_EXERCISE:_
Starting at the line that contains "Round Spice Jars with Labels 24 Pack Set", print each line exactly through the end of the listing. Skip any pictures and add nothing.

________

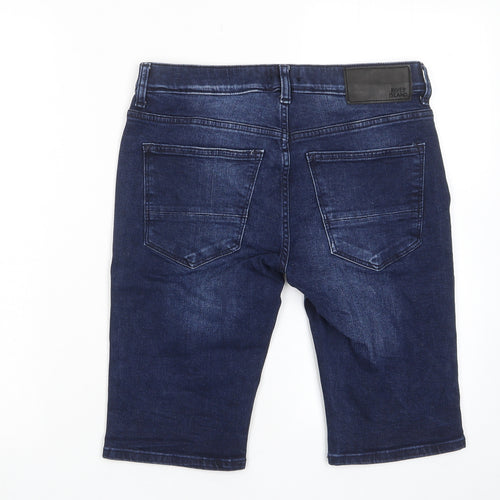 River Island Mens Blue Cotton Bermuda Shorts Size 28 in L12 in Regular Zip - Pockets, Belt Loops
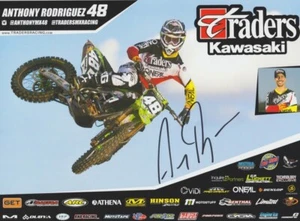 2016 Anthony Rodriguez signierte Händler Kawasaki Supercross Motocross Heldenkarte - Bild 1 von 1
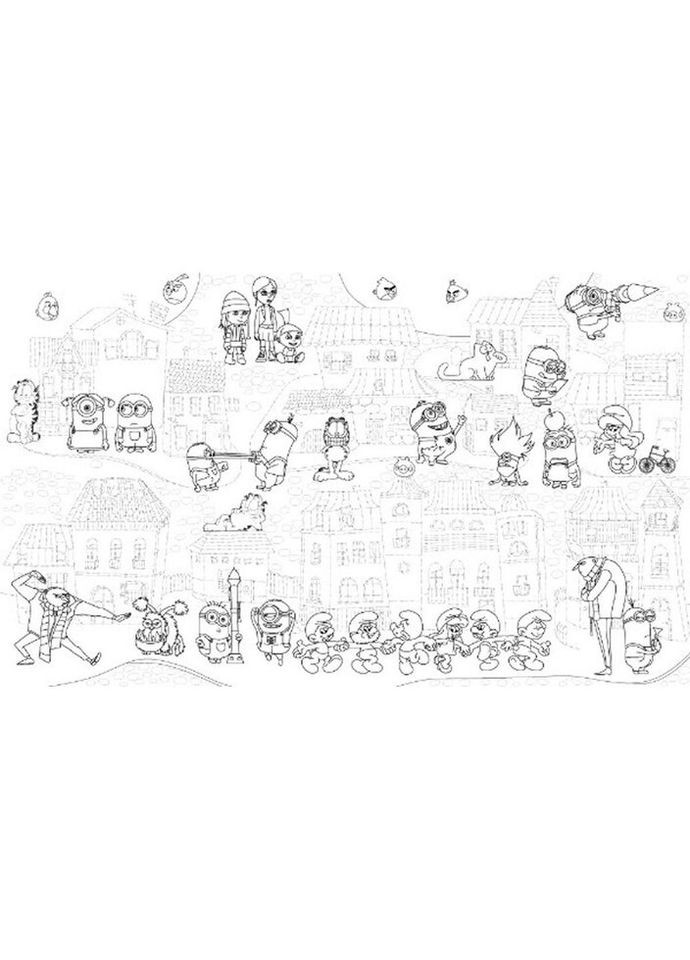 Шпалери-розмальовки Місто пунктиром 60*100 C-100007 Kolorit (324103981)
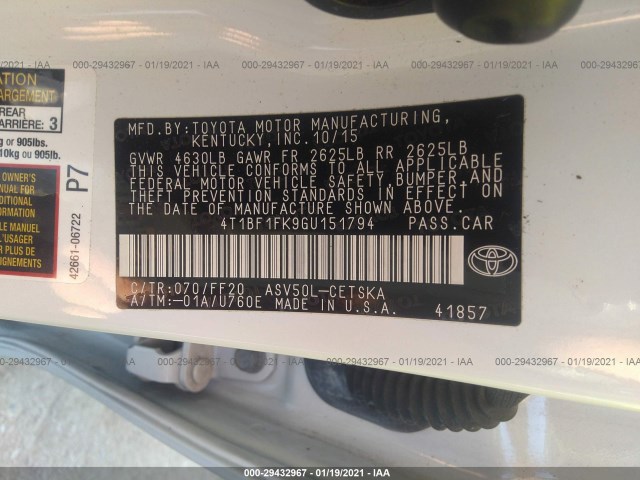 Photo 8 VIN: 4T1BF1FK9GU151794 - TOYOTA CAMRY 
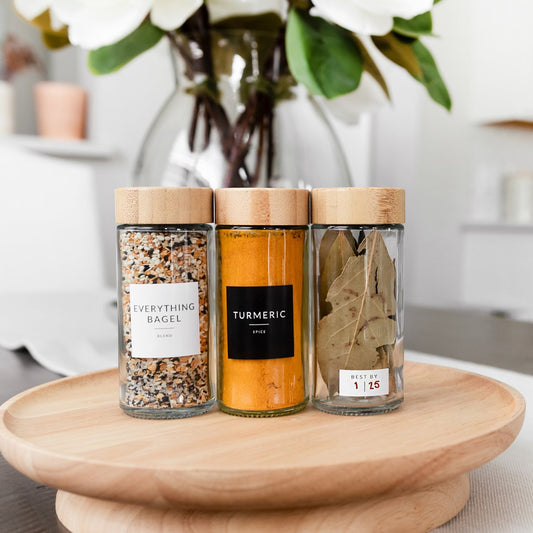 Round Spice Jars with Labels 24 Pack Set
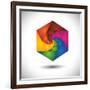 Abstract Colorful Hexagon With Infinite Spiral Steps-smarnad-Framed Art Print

________

_OUTPUT OF THE TASK:_
 Round Spice Jars with Labels 24 Pack Set
 Abstract Colorful Hexagon With Infinite Spiral Steps-smarnad-Framed Art Print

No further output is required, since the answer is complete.